(Crawled caption data)
===============

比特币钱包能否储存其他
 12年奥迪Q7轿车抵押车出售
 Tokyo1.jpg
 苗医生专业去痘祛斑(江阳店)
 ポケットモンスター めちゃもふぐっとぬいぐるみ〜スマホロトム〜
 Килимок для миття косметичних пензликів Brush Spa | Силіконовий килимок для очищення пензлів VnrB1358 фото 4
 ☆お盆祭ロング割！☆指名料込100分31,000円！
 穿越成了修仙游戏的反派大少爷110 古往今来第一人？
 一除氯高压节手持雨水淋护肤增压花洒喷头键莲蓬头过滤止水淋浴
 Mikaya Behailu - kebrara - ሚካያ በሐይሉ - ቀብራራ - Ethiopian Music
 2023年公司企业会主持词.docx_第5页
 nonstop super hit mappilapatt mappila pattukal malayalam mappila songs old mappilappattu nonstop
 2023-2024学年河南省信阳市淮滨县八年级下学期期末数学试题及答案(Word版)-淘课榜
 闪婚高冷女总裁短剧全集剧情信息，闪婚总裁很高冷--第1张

===============

[WORK INSTRUCTION]:
Return the lines above, starting at the one that contains "一除氯高压节手持雨水淋护肤增压花洒喷头键莲蓬头过滤止水淋浴" and running through the last, exactly as they appear, with no extra lines.

[RESPONSE BOX]:
 一除氯高压节手持雨水淋护肤增压花洒喷头键莲蓬头过滤止水淋浴
 Mikaya Behailu - kebrara - ሚካያ በሐይሉ - ቀብራራ - Ethiopian Music
 2023年公司企业会主持词.docx_第5页
 nonstop super hit mappilapatt mappila pattukal malayalam mappila songs old mappilappattu nonstop
 2023-2024学年河南省信阳市淮滨县八年级下学期期末数学试题及答案(Word版)-淘课榜
 闪婚高冷女总裁短剧全集剧情信息，闪婚总裁很高冷--第1张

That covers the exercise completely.